Barbès a senti la même chose que ses troupes ; brusquement : « - A l’Hôtel de Ville ! » Ca se décante du même coup : les révolutionnaires de la vingt-cinquième heure ne suivent pas.
Au bout du pont Notre-Dame, Fournier décide qu’il faut une arrière-garde. Pour les plus jeunes, c’est rageant : rater l’Hôtel de Ville aujourd’hui, merde. Déjà en 1830. Ils étaient trop petits ! Mais si Fournier croit que c’est ici, rue Planche-Mibray, qu’il faut une barricade. Déjà Fournier dresse les bras, prolongés par ses béquilles, en un V géant devant le cheval d'une citadine, qui se cabre. On aide à dételer, à renverser la voiture, d’autant plus vite qu’on entend des coups de feu.
L'Hôtel de Ville en 1840. Gallica

A la vue de l'Hôtel de Ville, les cris redoublent, « La République! Nous voulons la République! » et on tire en l'air. Avec les travaux d’agrandissement de l’Hôtel de Ville, il y aurait le nécessaire pour des barricades : une terrasse en hémicycle est en train de chausser le pied de l’aile neuve, côté Seine. Mais ici, c'est la Garde Nationale qui est de faction, pas la troupe. Le poste se laisse désarmer sans faire d'histoires. Delahodde ôte sa pipe de sa bouche pour faire taire : - Barbès va parler !
Il n'y a que deux marches devant la porte centrale de l’Hôtel de Ville, mais Barbès fait 5 pieds 5 pouces. On le voit bien mais on le comprend mal parce qu'il garde la tête penchée sur sa feuille :
- « Aux armes, citoyens ! L’heure fatale a sonné pour les oppresseurs. Le lâche tyran des Tuileries se rit de la faim qui déchire les entrailles du peuple ; mais la mesure de ses crimes est comble. Ils vont enfin recevoir leur châtiment. La France trahie, le sang de nos frères égorgés, crie vers vous et demande vengeance ; qu’elle soit terrible, car elle a trop tardé. Périsse enfin l’exploitation et que l’égalité s’asseye triomphante sur les débris confondus de la royauté et de l’aristocratie. Le gouvernement provisoire a choisi des chefs militaires pour diriger le combat ; ces chefs sortent de vos rangs, suivez-les ! Ils vous mènent à la victoire. Sont nommés : Auguste Blanqui, commandant en chef. Barbès, Martin-Bernard, Louis Quignot, Georges Meillard, Jean Netré, commandants des divisions de l’armée républicaine… »
Auguste Blanqui. Gallica

Si la place était pleine, des répétiteurs reprendraient ses phrases au fur et à mesure, on n'est pas assez nombreux pour ça mais trop nombreux pour bien piger.
- Peuple, lève-toi ! et tes ennemis disparaîtront comme la poussière devant l’ouragan. Frappe, extermine sans pitié les vils satellites, complices volontaires de la tyrannie ; mais tends la main à ces soldats sortis de ton sein, et qui ne tourneront point contre toi des armes parricides. En avant ! Vive la République ! Les membres du gouvernement provisoire : Barbès, Voyer d’Argenson, Blanqui, Lamennais, Martin-Bernard, Prosper-Richard Dubosc, Albert Laponneraye. »

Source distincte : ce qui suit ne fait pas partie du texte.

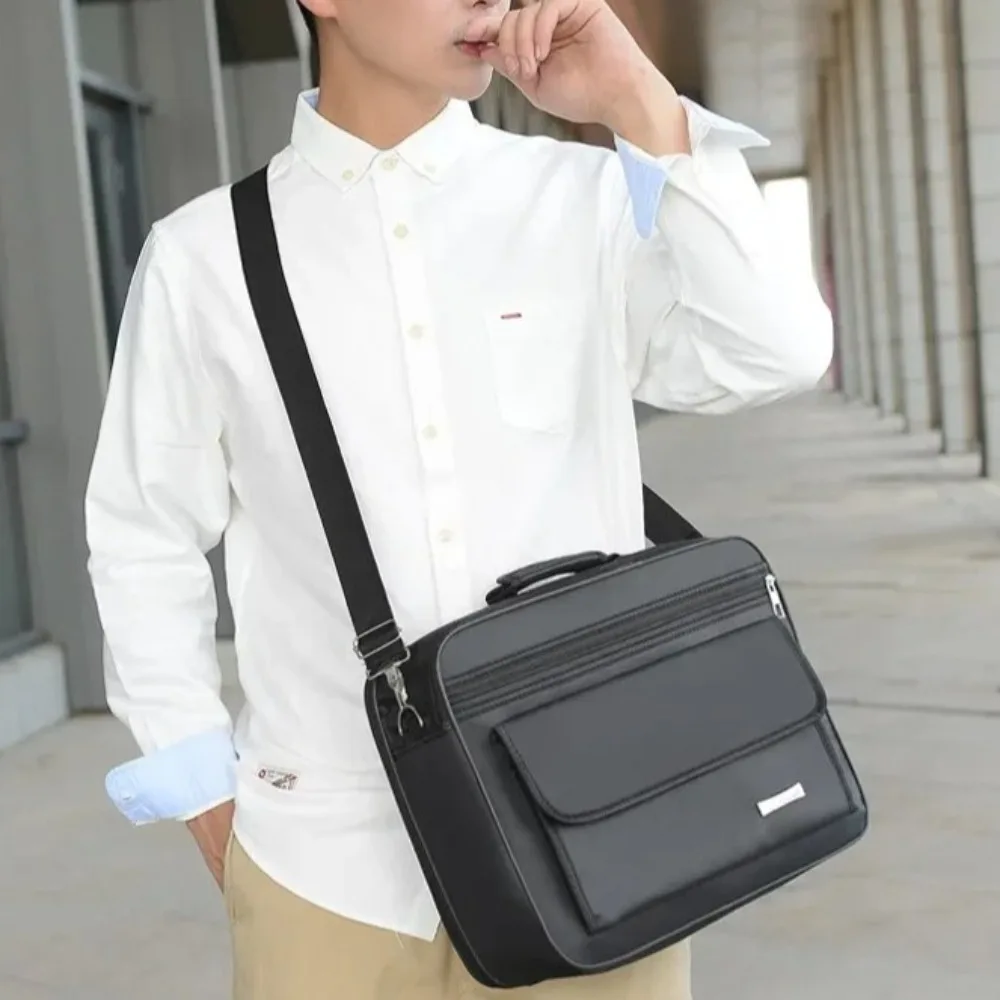 Handheld Men Briefcase Black Oxford Cloth Laptop Storage Diagonal Bag Large Capacity Single Shoulder Document Organize Male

- L’abbé de Lamennais est avec nous ? demande quelqu’un au frisé à la pipe qui tout à l’heure a réclamé le silence. Sur mon chantier de la rue de Seine, chaque fois qu’il grimpe à l’échelle, le maître maçon, Martin Nadaud, nous récite les Paroles d’un croyant. A force, je les connais par cœur : « Fils de l’homme, monte sur les hauteurs, et annonce ce que tu vois. (Il imite l’emphase du maçon :) – Les rois hurleront sur leurs trônes : ils chercheront à retenir avec leurs deux mains leurs couronnes emportées par les vents, et ils seront balayés avec elles. » Il va venir ? On va le voir ?
– Pas maintenant, pas ici, répond Delahodde, Barbès s’en va déjà.

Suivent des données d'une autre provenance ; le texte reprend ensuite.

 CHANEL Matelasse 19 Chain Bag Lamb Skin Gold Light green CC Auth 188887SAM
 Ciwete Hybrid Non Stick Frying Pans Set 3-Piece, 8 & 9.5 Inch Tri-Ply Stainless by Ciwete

La cavalcade est repartie sans souffler. A l’arrière de l’hôtel de Ville, un bâtiment en construction reliera les deux ailes neuves bâties au nord et au sud de l’ancienne mairie. On vient de débaptiser les rues : celle de Long Pont est devenue Jacques de Brosse ; celle de l’Orme Saint-Gervais a pris le nom de François Miron. C’est pour dérouter l’émeute ?  Passée l’église Saint-Gervais, on est déjà en vue du marché Saint-Jean, au bas de la rue du Bourg Tibourg. Au bruit, le sergent qui commande le peloton du 28ème de ligne a fait croiser la baïonnette à ses hommes, devant le poste.
– Rendez-vous, citoyens, ou la mort !
Le sergent s’est avancé pour répondre crânement: - Jamais ! D'un mouvement rapide, un insurgé lui arrache son arme, d'autres, avant que les baïonnettes n'arrivent à la rescousse, ont tiré. Sept soldats tombent, on prend leurs armes, les quatre survivants sont terrorisés. Un imprimeur se penche sur un blessé : - J'te d'mande pardon... Mais pourquoi t'es de leur côté ?
Delahodde, la pipe entre les dents, pousse les rescapés vers la première porte venue :
- Rentrez là-dedans, personne ne vous y poursuivra.
Un sectionnaire part chercher un docteur aux soldats blessés. Le groupe s'éloigne par la rue des Singes. C’est le sobriquet dont les gars des presses accablent les typos, et c’est à l’estaminet, là, au coin du passage, qu’une réunion secrète vient de jeter les bases de leur société de résistance.

Qui est le chef qui marche devant ? C'est toujours Barbès ? Ou un autre qu'on a vu devant l’Hôtel de ville, qui lui ressemble beaucoup, taille, barbe et redingote mais qui a un accent italien ? Une journée pareille, on voudrait bien pouvoir la raconter un jour à ses enfants sans se tromper!
Rue des Franc-Bourgeois, à la mairie du 7ème, on fait face à la Garde Nationale, sans armes. Le chef de poste prétend qu'ils n'en ont pas ; on les déniche dans les toilettes ! C'est déjà bien qu'ils soient pas plus hostiles que ça, mais on aimerait mieux qu'ils viennent avec nous !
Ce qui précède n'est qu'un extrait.